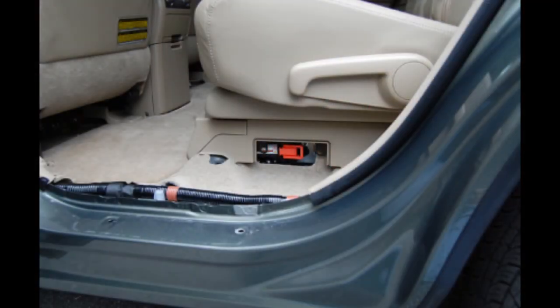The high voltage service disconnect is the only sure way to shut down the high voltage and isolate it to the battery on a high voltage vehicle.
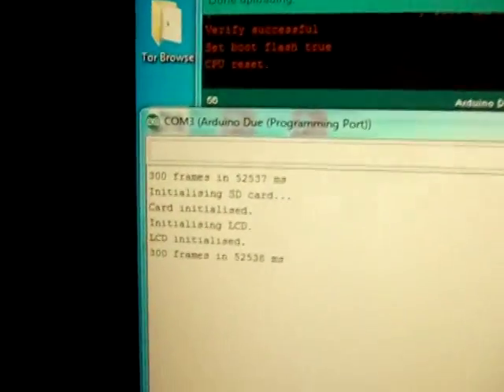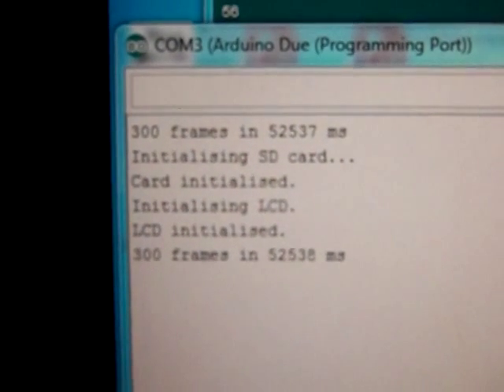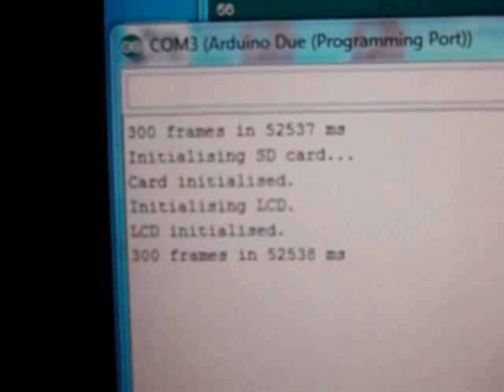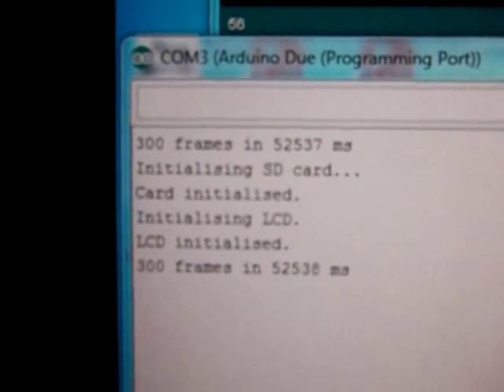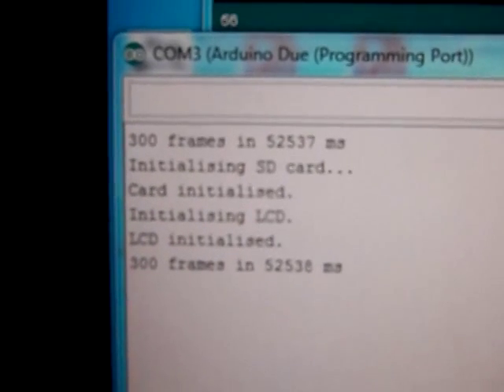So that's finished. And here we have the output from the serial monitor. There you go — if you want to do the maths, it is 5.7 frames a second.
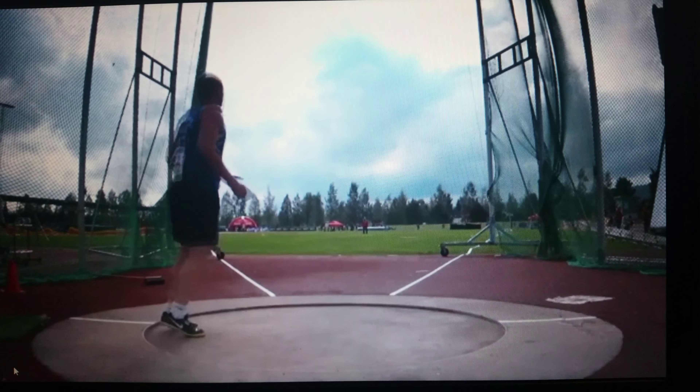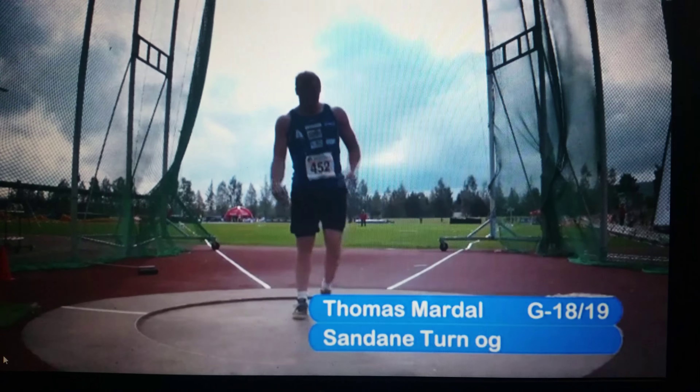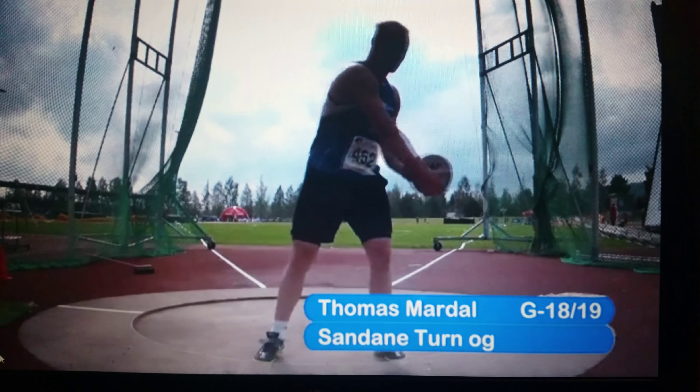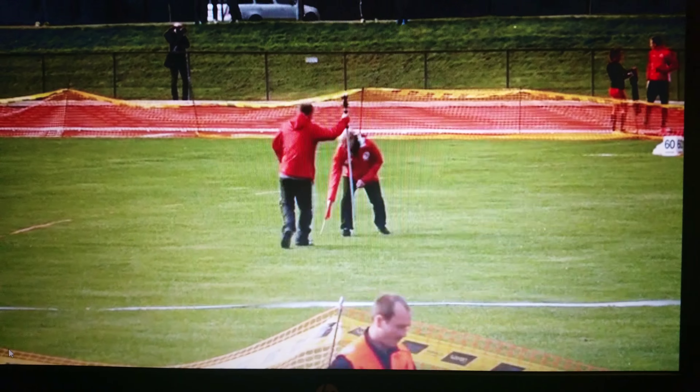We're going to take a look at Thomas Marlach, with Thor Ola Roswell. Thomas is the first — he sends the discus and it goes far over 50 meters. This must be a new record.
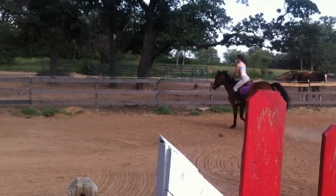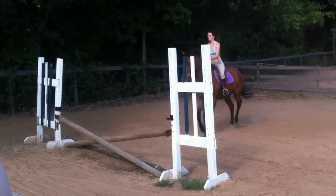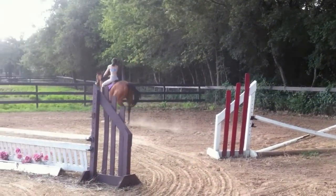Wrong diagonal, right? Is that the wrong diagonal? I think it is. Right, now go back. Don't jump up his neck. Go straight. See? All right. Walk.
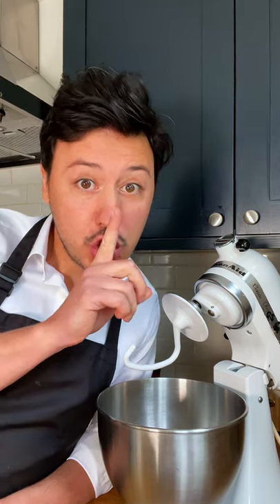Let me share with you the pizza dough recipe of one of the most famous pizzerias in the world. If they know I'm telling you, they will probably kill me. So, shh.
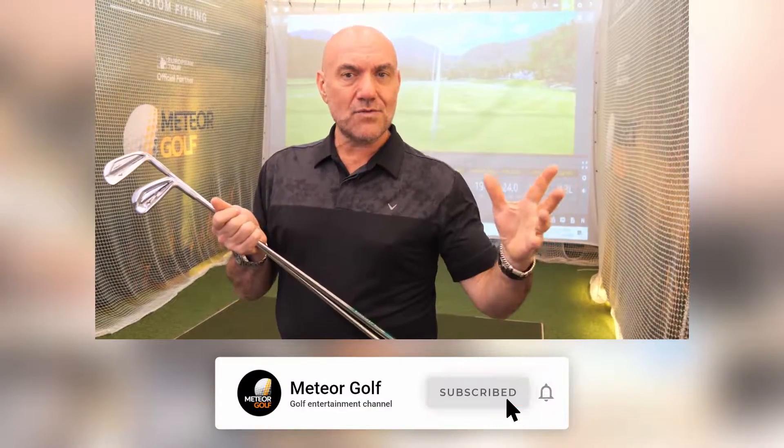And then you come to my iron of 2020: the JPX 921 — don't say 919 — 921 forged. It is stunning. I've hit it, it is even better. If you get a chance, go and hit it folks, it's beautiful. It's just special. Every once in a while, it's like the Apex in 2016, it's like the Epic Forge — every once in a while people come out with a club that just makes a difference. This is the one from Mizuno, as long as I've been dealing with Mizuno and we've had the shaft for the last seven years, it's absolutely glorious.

___

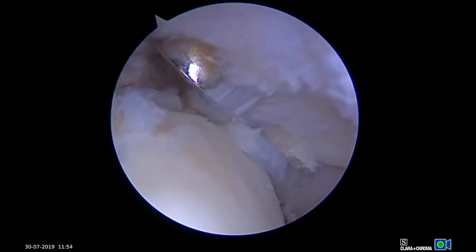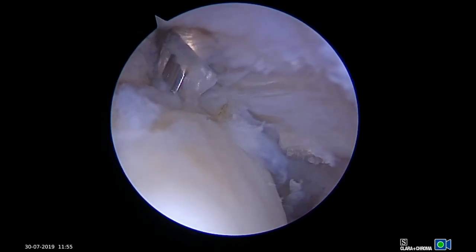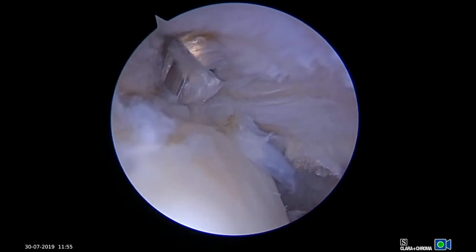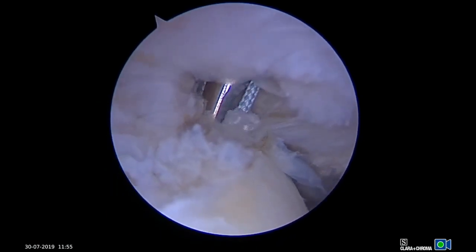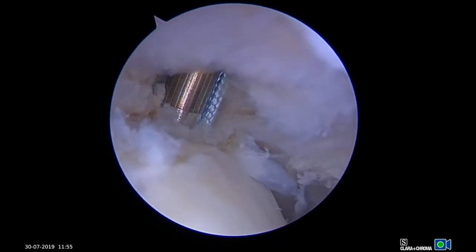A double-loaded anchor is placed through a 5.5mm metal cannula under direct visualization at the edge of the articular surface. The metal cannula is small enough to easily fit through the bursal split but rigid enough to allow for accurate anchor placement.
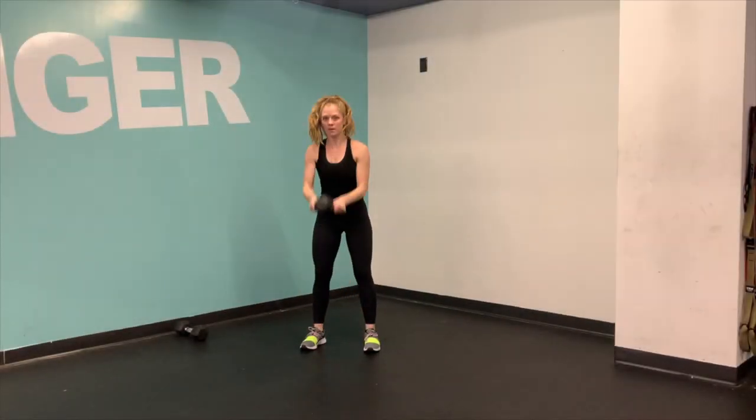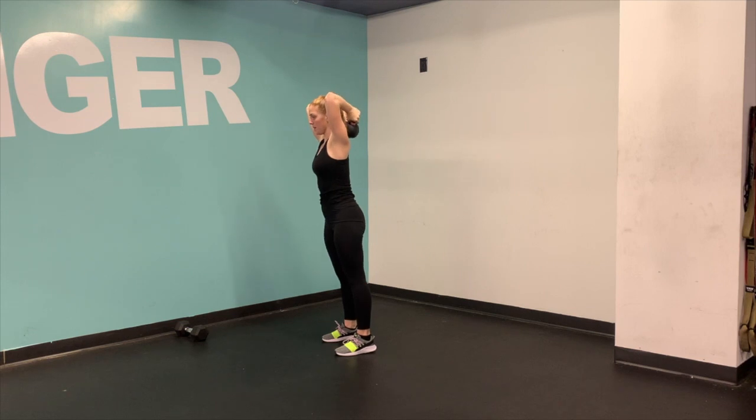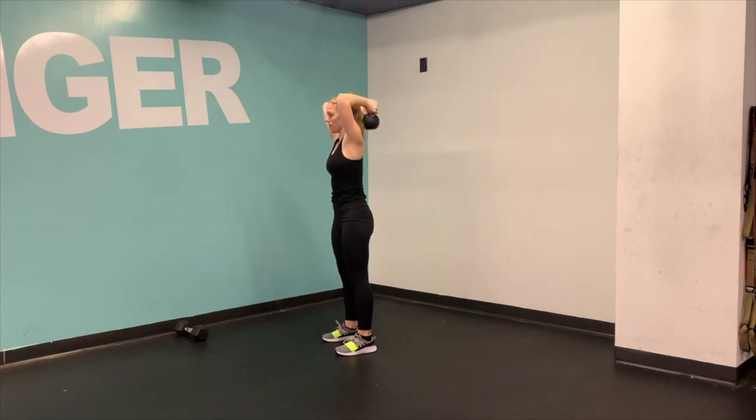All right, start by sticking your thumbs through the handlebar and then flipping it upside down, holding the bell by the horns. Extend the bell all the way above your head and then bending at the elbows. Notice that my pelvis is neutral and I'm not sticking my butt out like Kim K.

___

- **Brief**: Reproduce the lines above beginning at the line that contains "So that's finished." and ending at the line that contains "And then you". No pictures.

- **Solved exercise**:
So that's finished. And here we have the output from the serial monitor. There you go — if you want to do the maths, it is 5.7 frames a second.
We're going to take a look at Thomas Marlach, with Thor Ola Roswell. Thomas is the first — he sends the discus and it goes far over 50 meters. This must be a new record.
Wrong diagonal, right? Is that the wrong diagonal? I think it is. Right, now go back. Don't jump up his neck. Go straight. See? All right. Walk.
Let me share with you the pizza dough recipe of one of the most famous pizzerias in the world. If they know I'm telling you, they will probably kill me. So, shh.
And then you come to my iron of 2020: the JPX 921 — don't say 919 — 921 forged. It is stunning. I've hit it, it is even better. If you get a chance, go and hit it folks, it's beautiful. It's just special. Every once in a while, it's like the Apex in 2016, it's like the Epic Forge — every once in a while people come out with a club that just makes a difference. This is the one from Mizuno, as long as I've been dealing with Mizuno and we've had the shaft for the last seven years, it's absolutely glorious.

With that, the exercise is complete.